**GIVEN DATA**

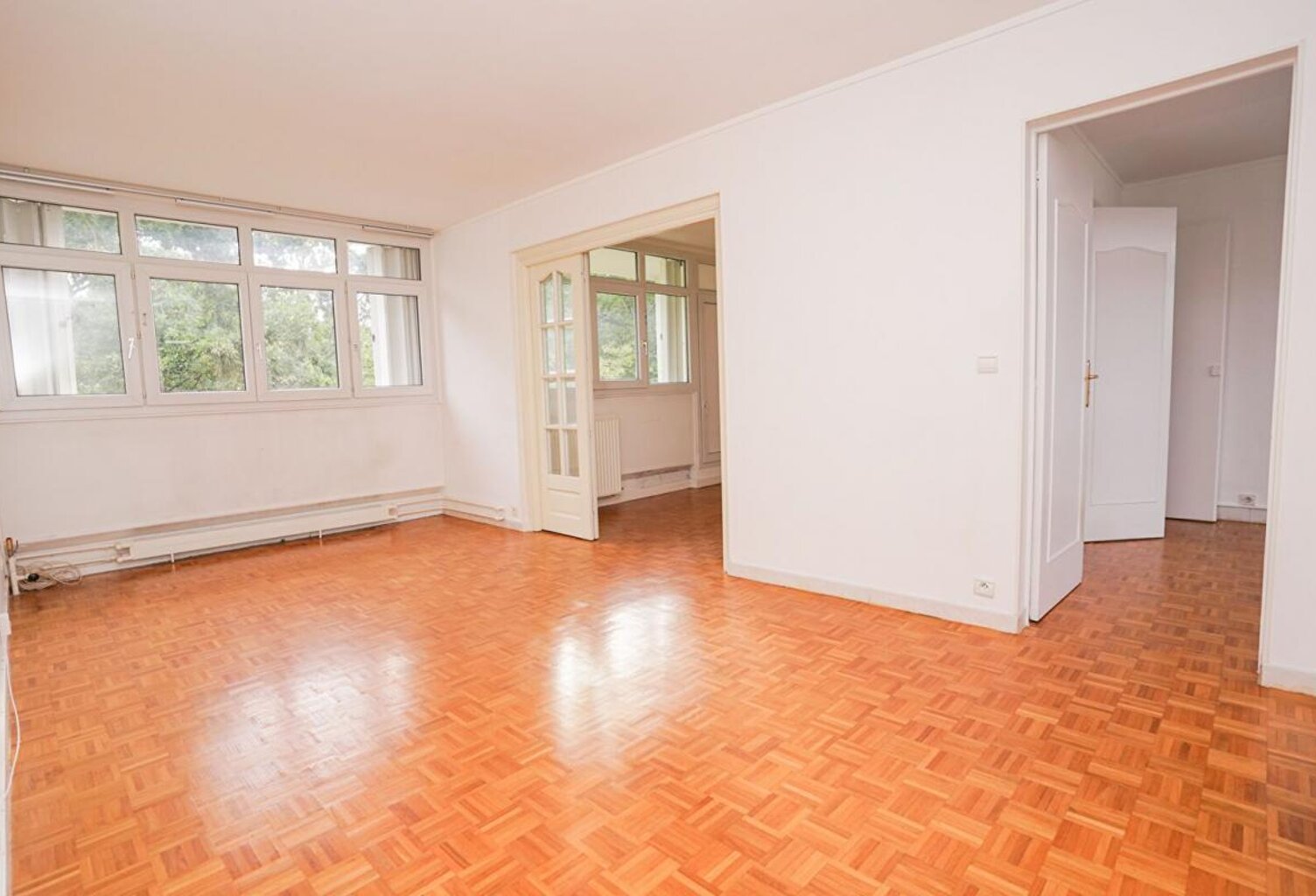 Appartement Verneuil Sur Seine 3 pièce(s) 55,55 m2 — photo 1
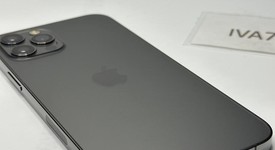 Good
													Apple iPhone 12 Pro - Unlocked, Graphite, 256 GB, A2341, photo 4 of 7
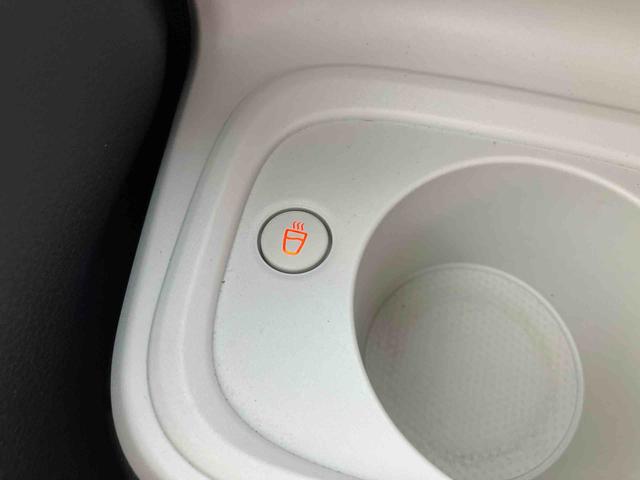 ムーヴキャンバスストライプスＧターボ両側電動スライドドア　ＬＥＤヘッドライト＆フォグランプ　シートヒーター　保温カップホルダー　電動駐車ブレーキ　バックカメラ　ステアリングスイッチ　自動追従クルコン　衝突被害軽減ブレーキ（千葉県）の中古車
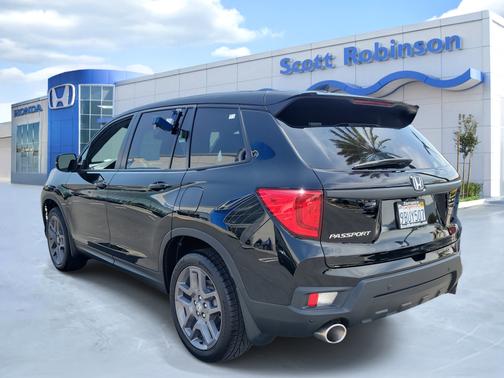2022 Honda Passport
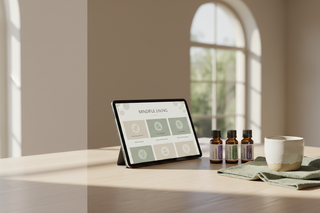 Digital wellness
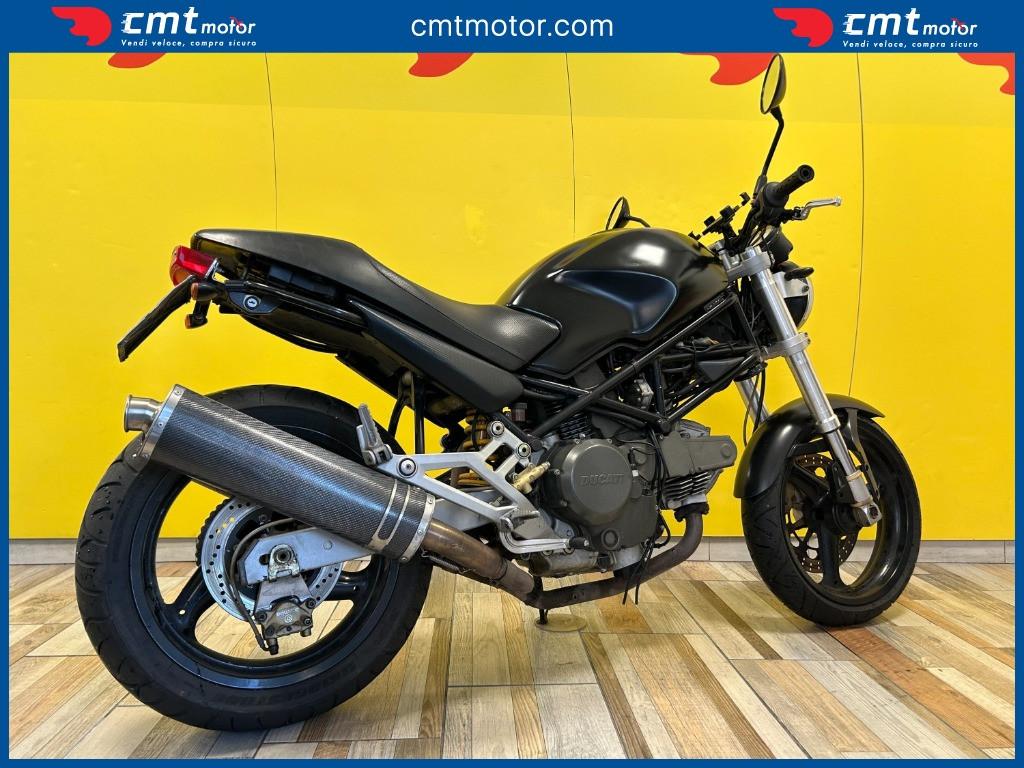 Ducati Monster 600 - 2000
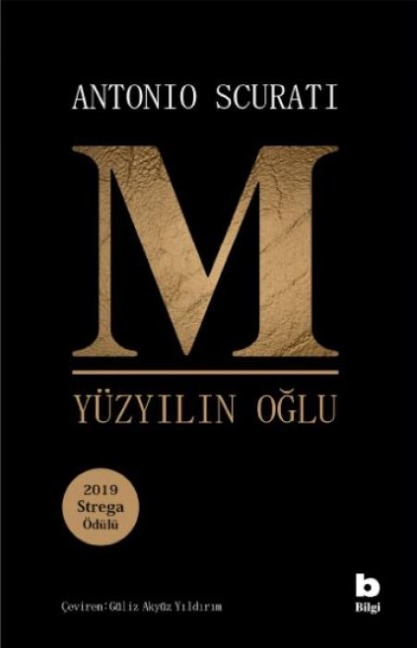 M. Yüzyilin Oglu - Antonio Scurati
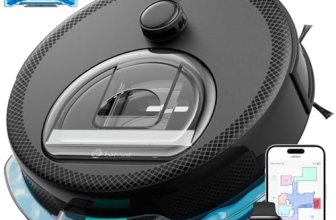 Lefant LiDAR Robot Vacuum and Mop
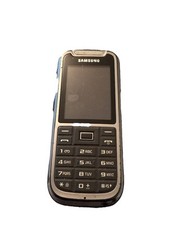 Ersatzteile • Displayschaden • Bastler • Samsung  Xcover 2 GT-C3350 • Kaputt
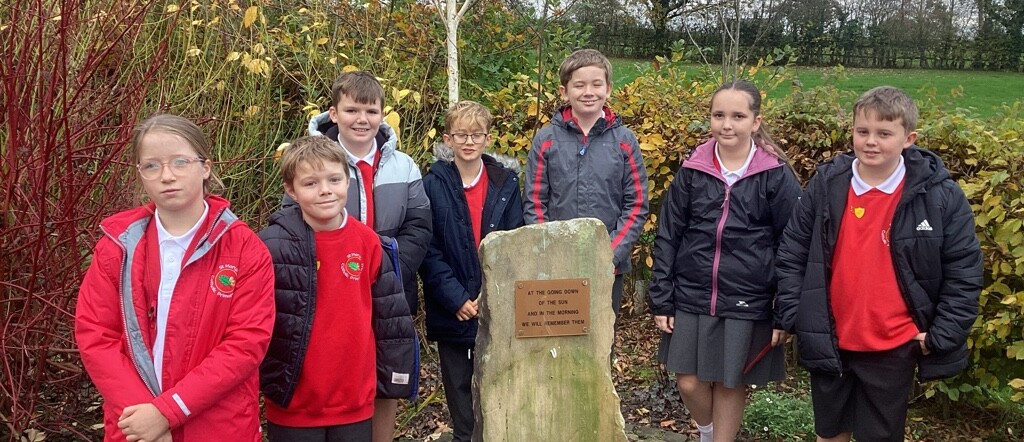 Image of Headteacher’s Blog – We Remember, Band Club, Judo, Musical Theatre, Virtual Visits & School Dinners!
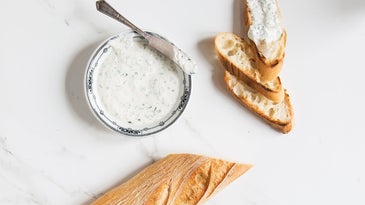 Fromage Blanc Spread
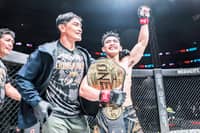 Folayang rallies behind Pacio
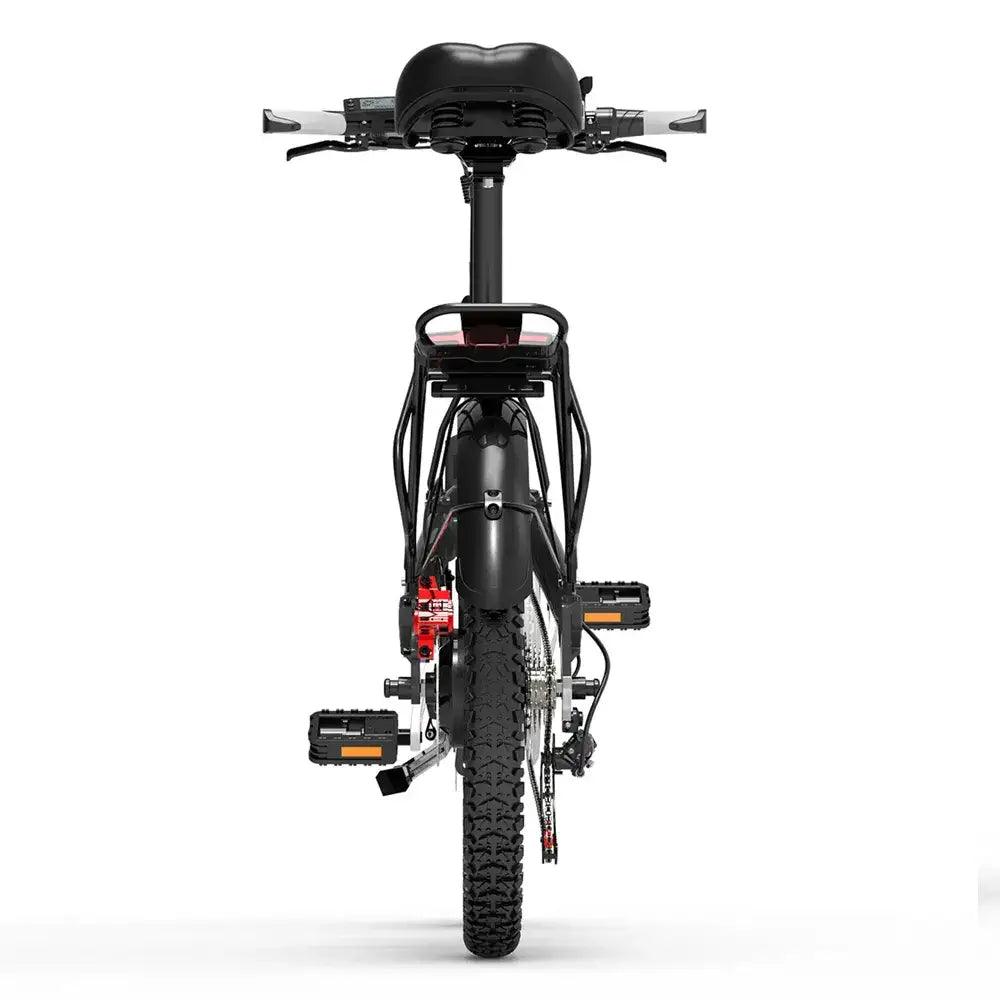 Lankeleisi G660 - Ebikes DiscountGrey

**ACTIVITY**
Retype each entry above character for character; pictures stay out.

**ANSWER TO THE EXERCISE**
 Appartement Verneuil Sur Seine 3 pièce(s) 55,55 m2 — photo 1
 Good
													Apple iPhone 12 Pro - Unlocked, Graphite, 256 GB, A2341, photo 4 of 7
 ムーヴキャンバスストライプスＧターボ両側電動スライドドア　ＬＥＤヘッドライト＆フォグランプ　シートヒーター　保温カップホルダー　電動駐車ブレーキ　バックカメラ　ステアリングスイッチ　自動追従クルコン　衝突被害軽減ブレーキ（千葉県）の中古車
2022 Honda Passport
 Digital wellness
 Ducati Monster 600 - 2000
 M. Yüzyilin Oglu - Antonio Scurati
 Lefant LiDAR Robot Vacuum and Mop
 Ersatzteile • Displayschaden • Bastler • Samsung  Xcover 2 GT-C3350 • Kaputt
 Image of Headteacher’s Blog – We Remember, Band Club, Judo, Musical Theatre, Virtual Visits & School Dinners!
 Fromage Blanc Spread
 Folayang rallies behind Pacio
 Lankeleisi G660 - Ebikes DiscountGrey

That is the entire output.